Le 1er octobre, Jean-Marc Larché était sur la scène du Moulin à Jazz. Une performance où les récits comme les harmonies, se sont faits vibrants et malicieux

Le son feutré, boisé, élégamment duveteux du saxophone ténor de Jean-Marc Larché nimbe les univers de son quartet d’une atmosphère propice au mystère. À l’éclosion de mélodies d’emblée évidentes, portées par des phrasés ostinato, étoffe moirée de songes où éclosent les souvenirs de contes et de récits. Voici le Casanova de Fellini, le saxophoniste sourit : « je l’imagine particulièrement dans la scène au cours de laquelle il danse avec une poupée, j’aime beaucoup cette petite valse ». Il y a quelque chose de malicieux dans l’introduction du récit mélodique, un petit sourire espiègle. Saxophone et violon se mettent à l’unisson, puis dévient de leur route commune, le piano rêveur s’empare d’une comptine, change de mode pour une interrogation réitérée et inquiétante. Les percussions (Michele Rabbia) soulignent de leur légèreté inventive les développements d’une intrigue qui se trame… Les quatre musiciens sont de subtils conteurs qui nous embarquent à la découverte des personnages qui les hantent, Barbe Bleue, le diable (ou plutôt les « narines du diable », fontaine à deux ouvertures accordée par la bonne fée d’une vallée de Franche-Comté où habite Jean-Marc Larché), Johannes Kreisler en souvenir de Schumann, le Titan de Malher… Il n’est plus de frontières entre les genres musicaux, les citations « classiques » ou « contemporaines » nourrissent le jeu. Piano aérien de François Couturier où l’on se plaît à retrouver quelques accents de Philip Glass, mais aussi de Schumann ou Debussy, violon (Régis Huby) qui sait s’envoler mais aussi exploiter la matière de ce qui le compose, bois, cordes, saxophone ténor dont la voix se meut en souffle, avant de s’emporter en rêveries fantasques, percussions enfin qui scandent des routes oniriques.

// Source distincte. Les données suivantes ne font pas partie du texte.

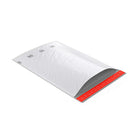 TRU RED - Enveloppes d’expédition à bulles autoadhésives, no 5, 11,25 larg. po x 15 long. po - blanches - paquet de 25-Les dimensions extérieures peuvent varier
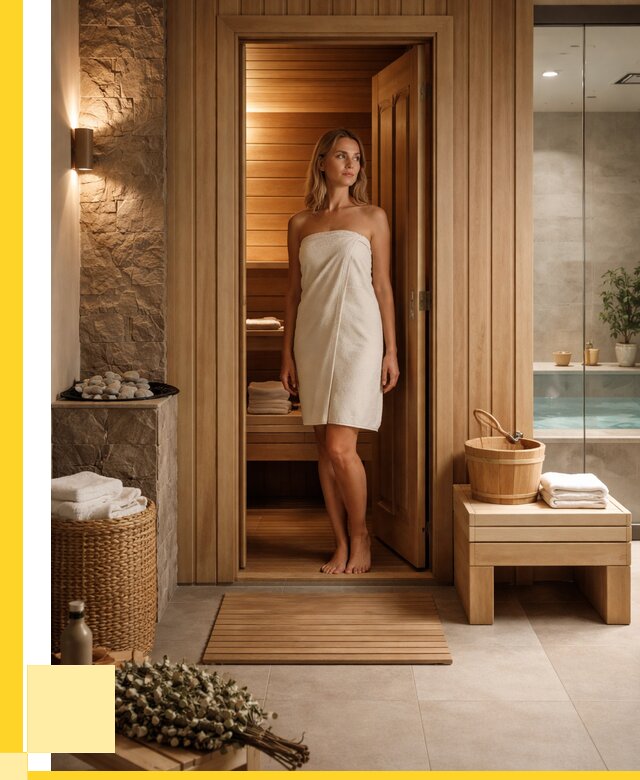 Купить готовую сауну для дома в Губахе от 207320 р. | ЭриданГбх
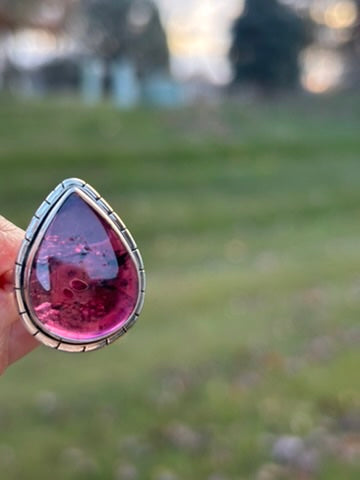 Rhodolite Garnet Ring size 8.5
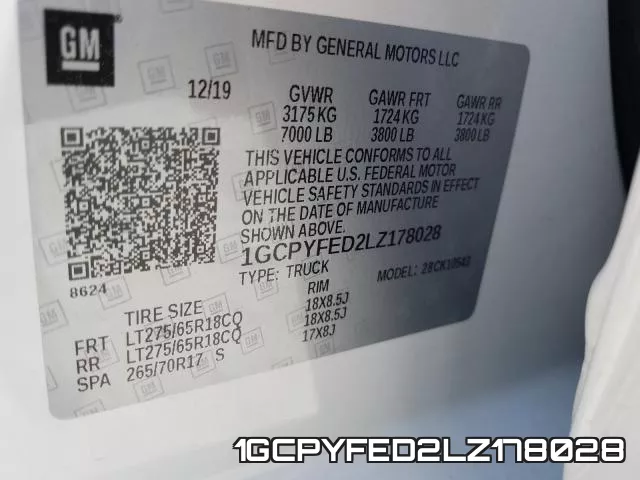 1GCPYFED2LZ178028 фото 2
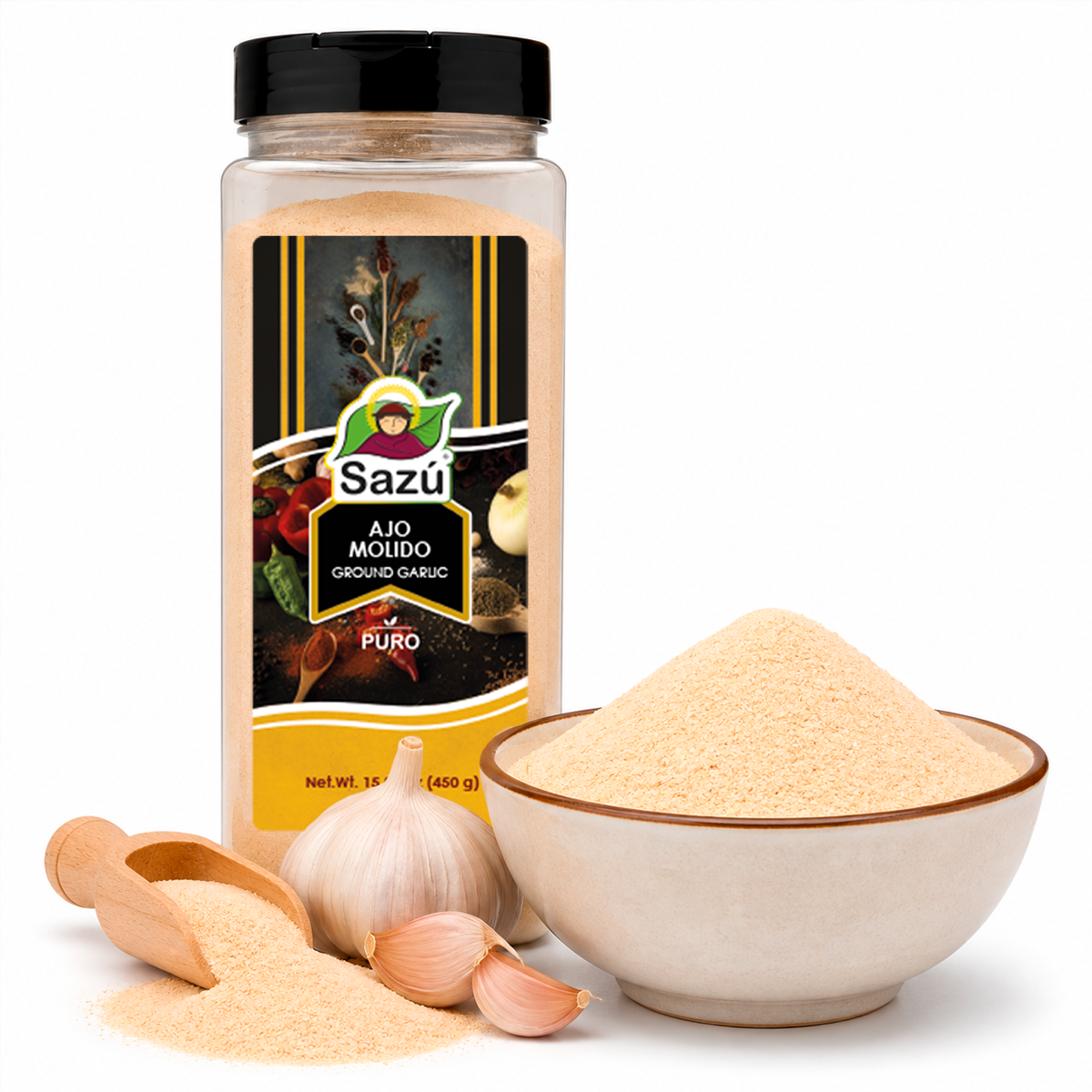 Ajo en Polvo Sazú 450gr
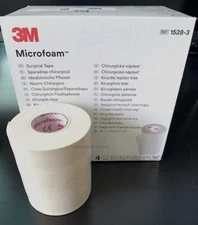 3M Microfoam ELASTIC FOAM Surgical Medical Tape 3" x 5.5 yds - 1, 2, 4 Rolls/Box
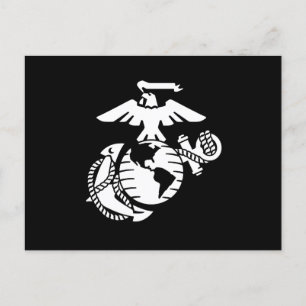 One-Colour EGA - White Holiday Postcard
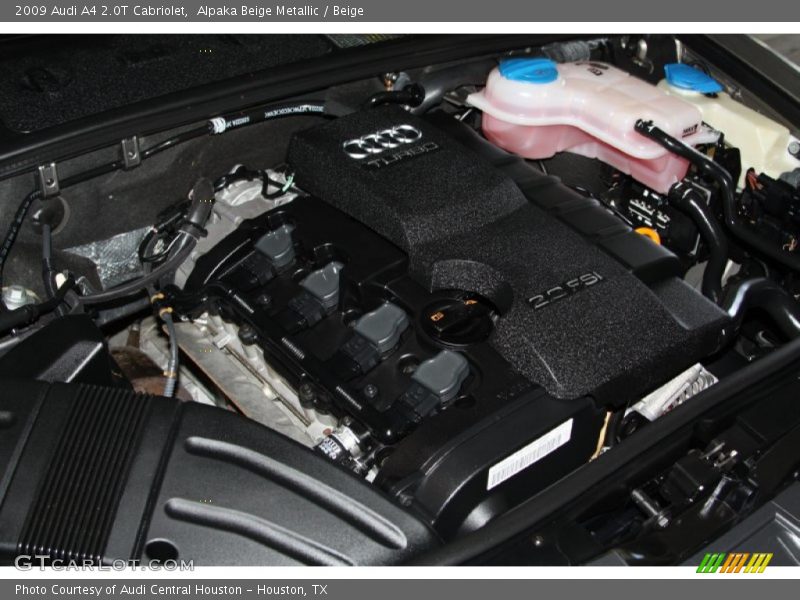 Alpaka Beige Metallic / Beige 2009 Audi A4 2.0T Cabriolet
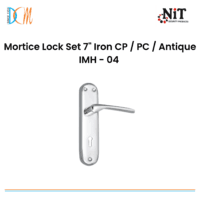 Mortice Lock Set 7" Iron CP / PC / Antique IMH - 04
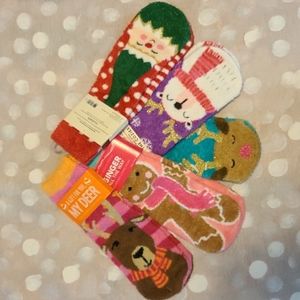 Shea Infused Holiday Socks--Bath & Body Works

On gardera longtemps en mémoire la composition de François Couturier en hommage au cinéaste Andreï Tarkovsky (auquel il avait emprunté son nom pour son Quartet, sans doute en raison des mots de Bergman, « Tarkovsky se déplace dans l’espace des rêves avec évidence », formation où jouait déjà un certain Jean-Marc Larché) et la sublime Pavane au rythme lent qui nous emporte hors du monde alors que le chant des baleines (scie musicale de Michele Rabbia) anime de ses respirations la coulée du piano et que le saxophone forge de nouvelles et pourtant déjà familières harmonies.
MARYVONNE COLOMBANI

Concert donné le 1er octobre au Moulin à Jazz (invité par Charlie Jazz), à Vitrolles.